- _ACTIVITY_:
Restate the listing that follows word for word, without its pictures.

- _DATA BLOCK_:

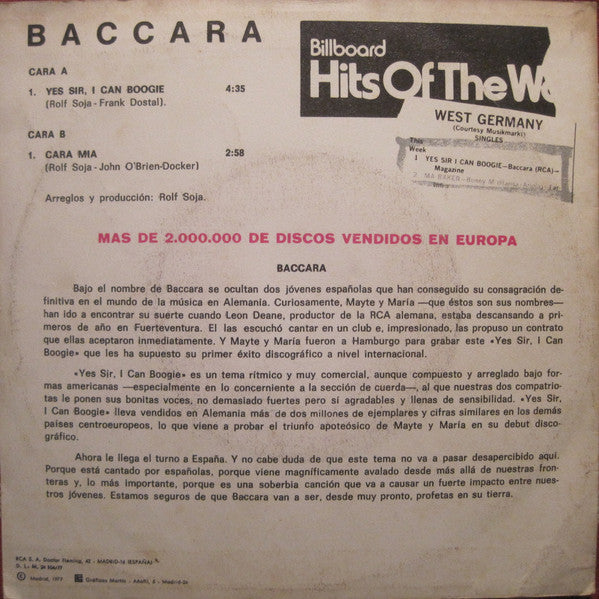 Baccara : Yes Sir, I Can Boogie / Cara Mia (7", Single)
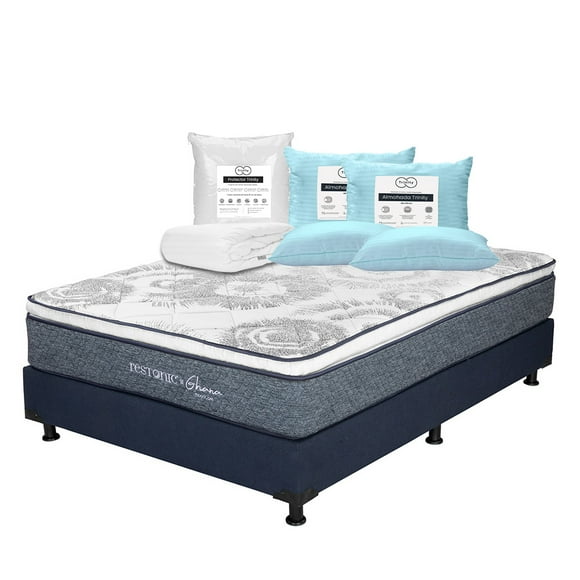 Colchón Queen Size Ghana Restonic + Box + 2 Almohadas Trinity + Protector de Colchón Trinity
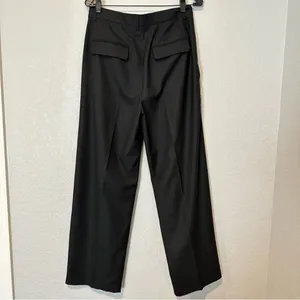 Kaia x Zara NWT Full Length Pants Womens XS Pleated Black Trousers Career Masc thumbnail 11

- _RESPONSE TO THE TASK_:
 Baccara : Yes Sir, I Can Boogie / Cara Mia (7", Single)
 Colchón Queen Size Ghana Restonic + Box + 2 Almohadas Trinity + Protector de Colchón Trinity
 Kaia x Zara NWT Full Length Pants Womens XS Pleated Black Trousers Career Masc thumbnail 11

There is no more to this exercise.